The uniqueness theorem for Laplace’s equation proves that a solution to the equation within a given volume is unique once the boundary conditions are specified. The most common proof, often called the “energy method,” uses a proof by contradiction and Green’s first identity (a form of the divergence theorem).
The Proof
Let’s assume there are two different solutions, V1 and V2, that both satisfy Laplace’s equation, \(∇^2V = 0\), within a volume v and have the same specified value on the boundary surface S.
$$\nabla^2V_1 = 0 \quad \text {and} \quad \nabla^2V_2 = 0 $$
$$V_1 = V_2$$
Now, let’s define a new function, V3, as the difference between the two solutions.
$$ V_3=V_1−V_2 $$
Since Laplace’s equation is linear, the difference between two solutions is also a solution.
$$\nabla^2V_3 = \nabla^2(V_1 – V_2) = \nabla^2V_1 – \nabla^2V_2 = 0 – 0 = 0$$
So, V3 also satisfies Laplace’s equation.

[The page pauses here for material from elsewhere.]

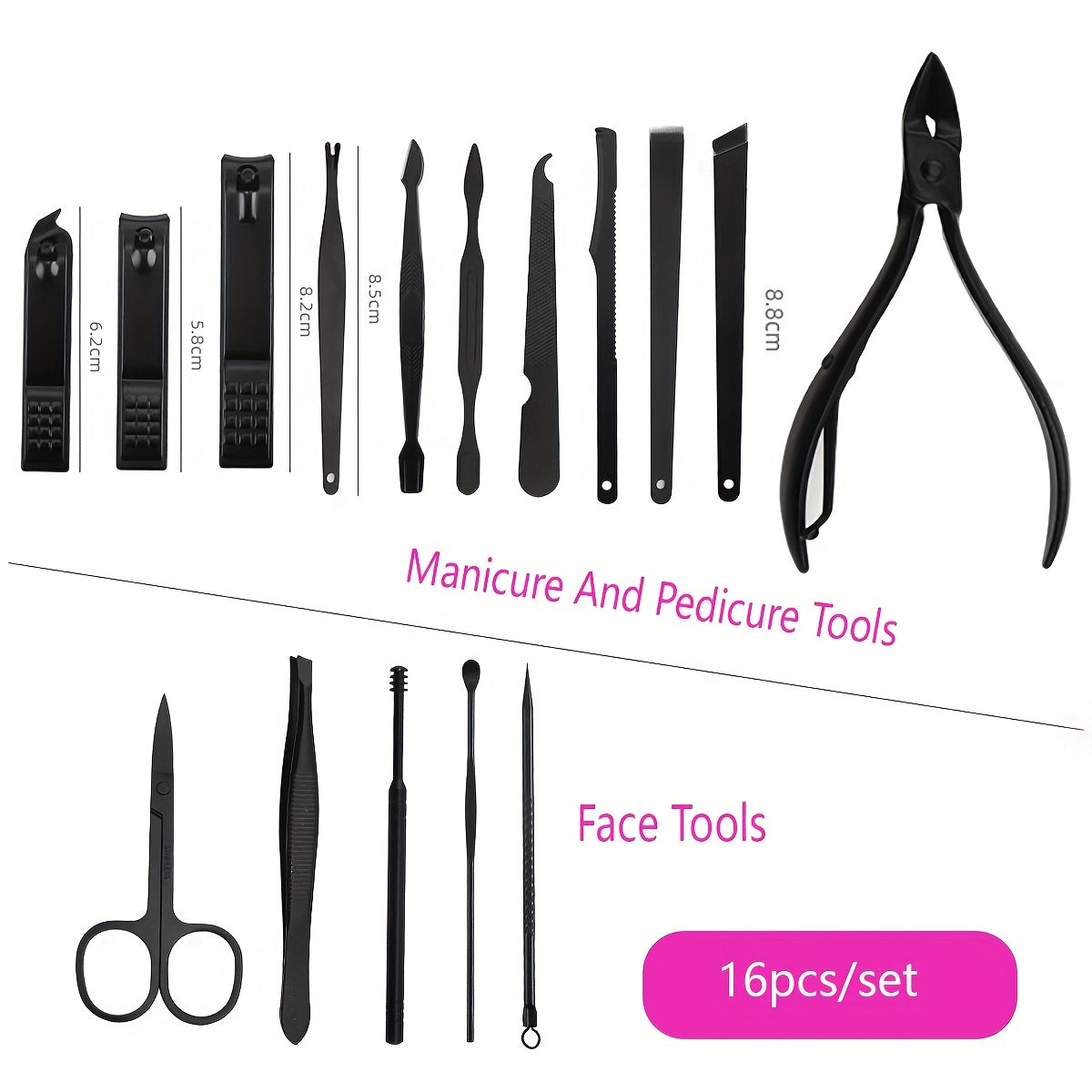 7/11/18 pcs Professional Manicure and Pedicure Kit - Includes Stainless Steel Cuticle Nipper, Nail Clippers, Scissors, and Nail Polish Tools - Perfect for Home Grooming and Salon Use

Since V1 and V2 are equal on the boundary surface S, the difference V3 must be zero on the boundary.
$$V_3 = V_1 −V_2=0 $$
Green’s first identity is a fundamental vector calculus identity that relates a volume integral to a surface integral. It is given by:
$$\int_v (\phi \nabla^2 \psi + \nabla\phi \cdot \nabla\psi) \, dv = \oint_S (\phi \nabla\psi) \cdot d\mathbf{a}$$
On applying this identity by setting both ϕ and ψ to be the difference function, V3, we get:
$$\int_v (V_3 \nabla^2 V_3 + \nabla V_3 \cdot \nabla V_3) \, dv = \oint_S (V_3 \nabla V_3) \cdot d\mathbf{a}$$
Since, \(∇^2 V_3=0\) and also that V3=0 on the boundary surface S, substituting these into the identity.

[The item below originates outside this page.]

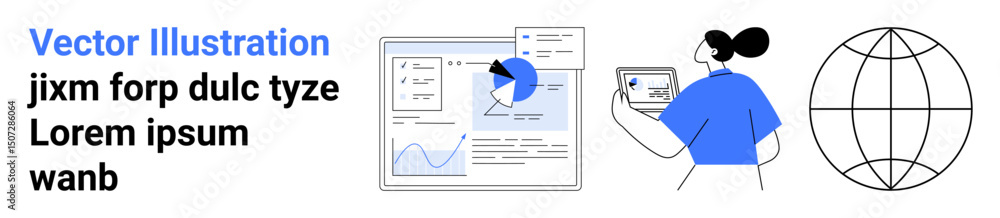 Poster analytics interface, chart data screen, businesswoman using analytics, global network globe. ideal f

$$\int_v (V_3(0) + |\nabla V_3|^2) \, dv = \oint_S (0 \cdot \nabla V_3) \cdot d\mathbf{a}$$
This simplifies to:
$$\int_v |\nabla V_3|^2 \, dv = 0$$
The term ∣∇V3∣2 is the square of the magnitude of the gradient, which is always a non-negative value. The only way for the integral of a non-negative function over a volume to be zero is if the function itself is zero everywhere within that volume.
$$|\nabla V_3|^2 = 0$$
This implies that the gradient of V3 is zero everywhere inside the volume.
$$\nabla V_3 = 0$$
A function with a zero gradient is a constant. Therefore, V3 must be a constant everywhere in the volume.
$$ V_3 = \text{constant} $$
It is already known that V3 is zero on the boundary surface S and since V3 is a constant, and it is zero on the boundary, it must be zero everywhere within the volume.
V3=0 (everywhere in volume v)
Substituting back the original definition, we get:
V1−V2=0⟹V1=V2
This proves that the two solutions must be identical, thus proving the uniqueness theorem for Dirichlet boundary conditions.